━━ Record excerpts ━━

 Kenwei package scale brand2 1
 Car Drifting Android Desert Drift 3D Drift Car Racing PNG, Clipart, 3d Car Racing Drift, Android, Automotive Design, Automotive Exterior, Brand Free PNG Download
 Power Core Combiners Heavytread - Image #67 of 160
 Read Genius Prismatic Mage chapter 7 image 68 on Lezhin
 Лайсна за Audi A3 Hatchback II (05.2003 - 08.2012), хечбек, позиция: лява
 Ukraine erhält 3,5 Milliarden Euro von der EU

━━━
━━ Record excerpts ━━

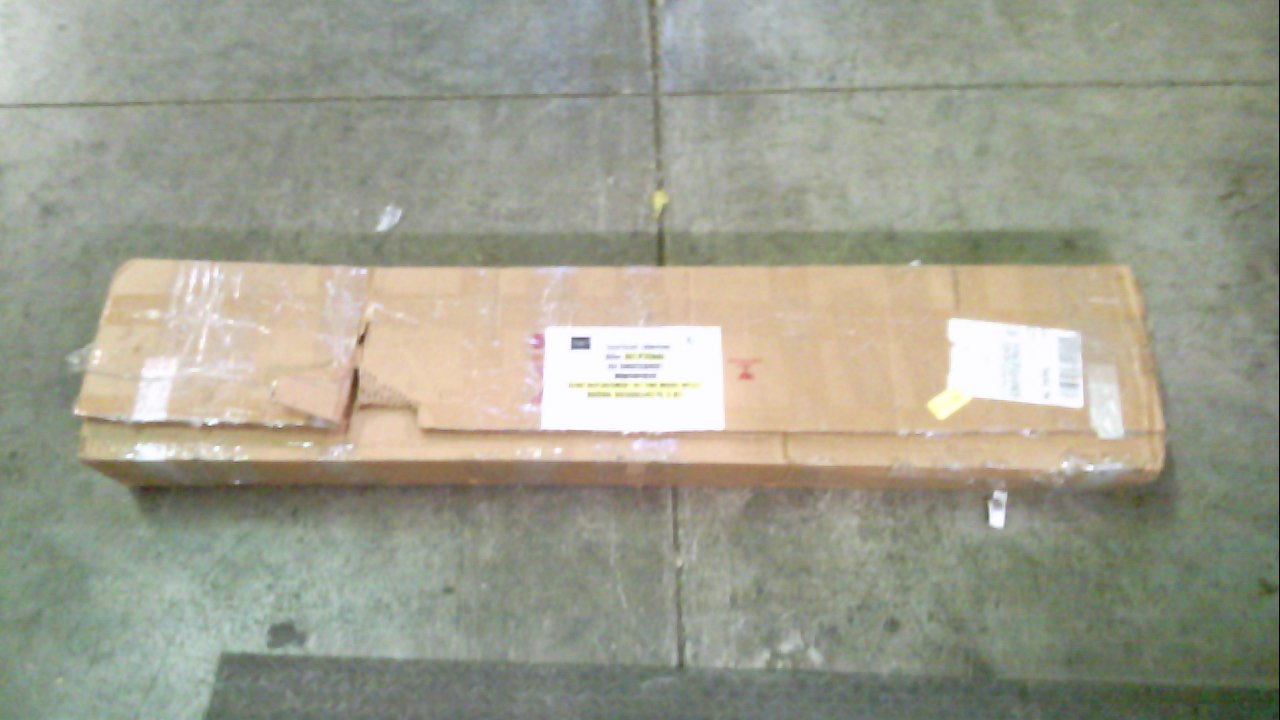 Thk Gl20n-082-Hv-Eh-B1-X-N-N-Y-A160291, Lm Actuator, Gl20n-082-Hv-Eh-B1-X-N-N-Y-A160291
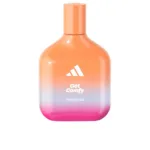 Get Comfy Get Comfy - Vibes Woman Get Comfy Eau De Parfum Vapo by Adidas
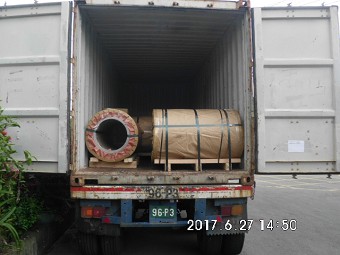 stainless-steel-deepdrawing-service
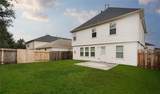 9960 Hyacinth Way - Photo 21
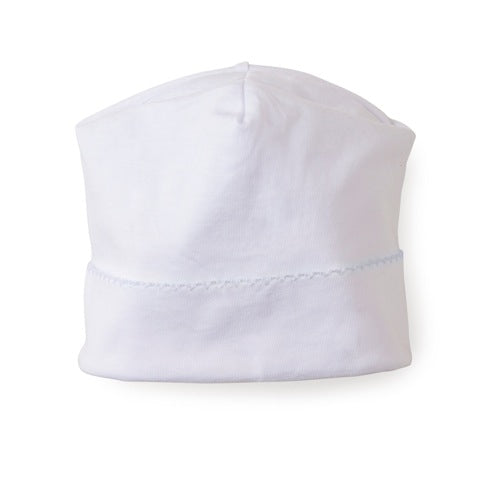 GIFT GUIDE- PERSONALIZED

━━━

▶ [Work item]: Could you set down, exactly as written, the lines above between the one holding "Kenwei package scale brand2 1" and the one holding "Ukraine erhält 3,5", inclusive, and nothing more?

▶ [Reply]:
 Kenwei package scale brand2 1
 Car Drifting Android Desert Drift 3D Drift Car Racing PNG, Clipart, 3d Car Racing Drift, Android, Automotive Design, Automotive Exterior, Brand Free PNG Download
 Power Core Combiners Heavytread - Image #67 of 160
 Read Genius Prismatic Mage chapter 7 image 68 on Lezhin
 Лайсна за Audi A3 Hatchback II (05.2003 - 08.2012), хечбек, позиция: лява
 Ukraine erhält 3,5 Milliarden Euro von der EU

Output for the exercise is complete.